#### Excerpted data
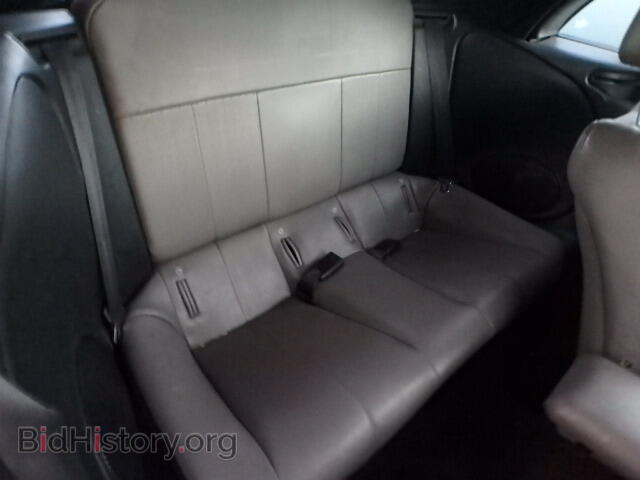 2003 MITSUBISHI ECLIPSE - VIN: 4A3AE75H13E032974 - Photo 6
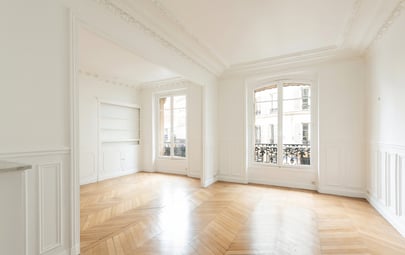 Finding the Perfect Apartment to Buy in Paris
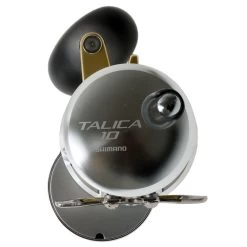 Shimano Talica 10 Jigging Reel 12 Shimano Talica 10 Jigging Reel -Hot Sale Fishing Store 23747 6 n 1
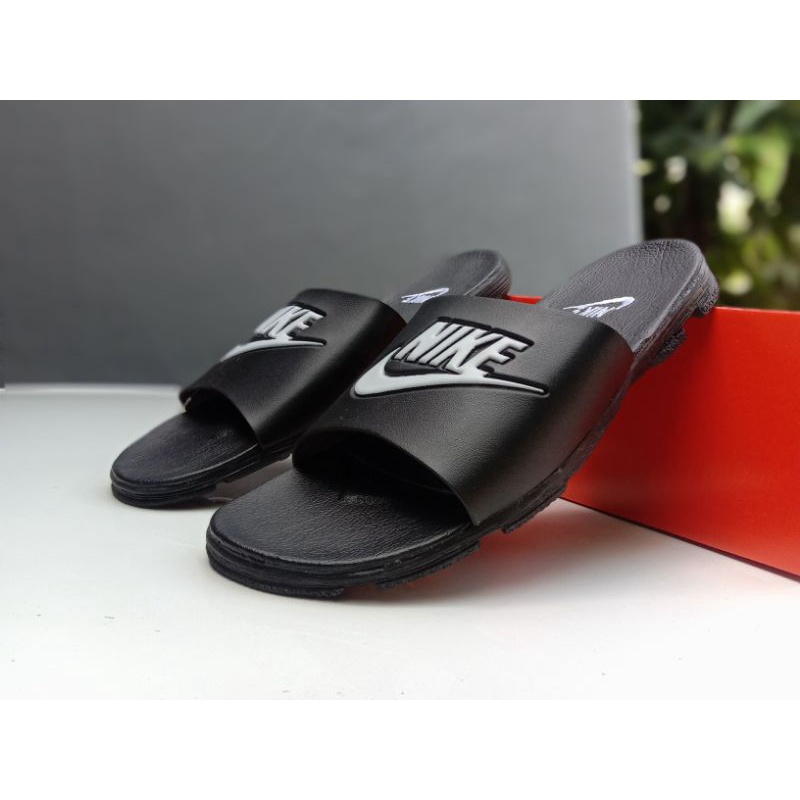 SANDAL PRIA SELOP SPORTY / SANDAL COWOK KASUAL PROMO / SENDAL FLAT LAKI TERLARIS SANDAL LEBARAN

--

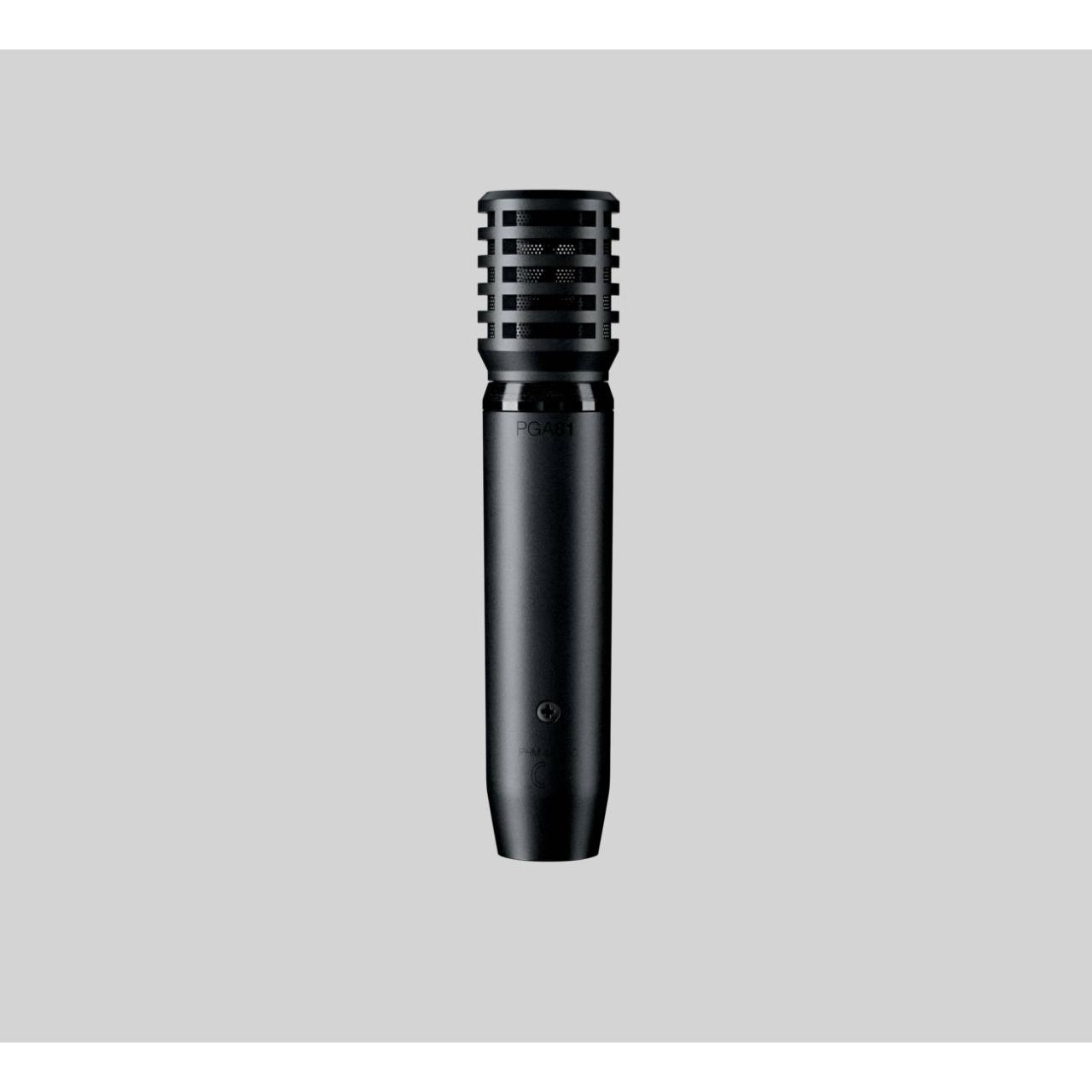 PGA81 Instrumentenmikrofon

---

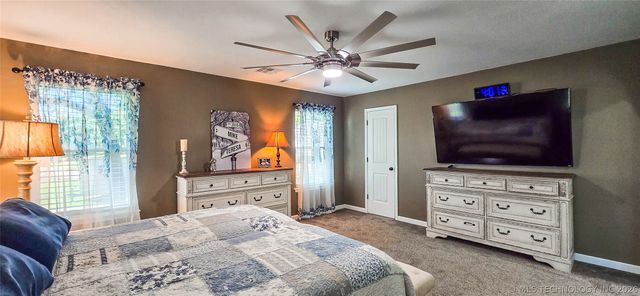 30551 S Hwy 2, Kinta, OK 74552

#### Requirement
In the data above, find the line with "2003 MITSUBISHI ECLIPSE" and the line with "SANDAL PRIA SELOP". Please copy exactly those two lines and every line between them, but not the pictures.

#### Task answer
 2003 MITSUBISHI ECLIPSE - VIN: 4A3AE75H13E032974 - Photo 6
 Finding the Perfect Apartment to Buy in Paris
 Shimano Talica 10 Jigging Reel 12 Shimano Talica 10 Jigging Reel -Hot Sale Fishing Store 23747 6 n 1
 SANDAL PRIA SELOP SPORTY / SANDAL COWOK KASUAL PROMO / SENDAL FLAT LAKI TERLARIS SANDAL LEBARAN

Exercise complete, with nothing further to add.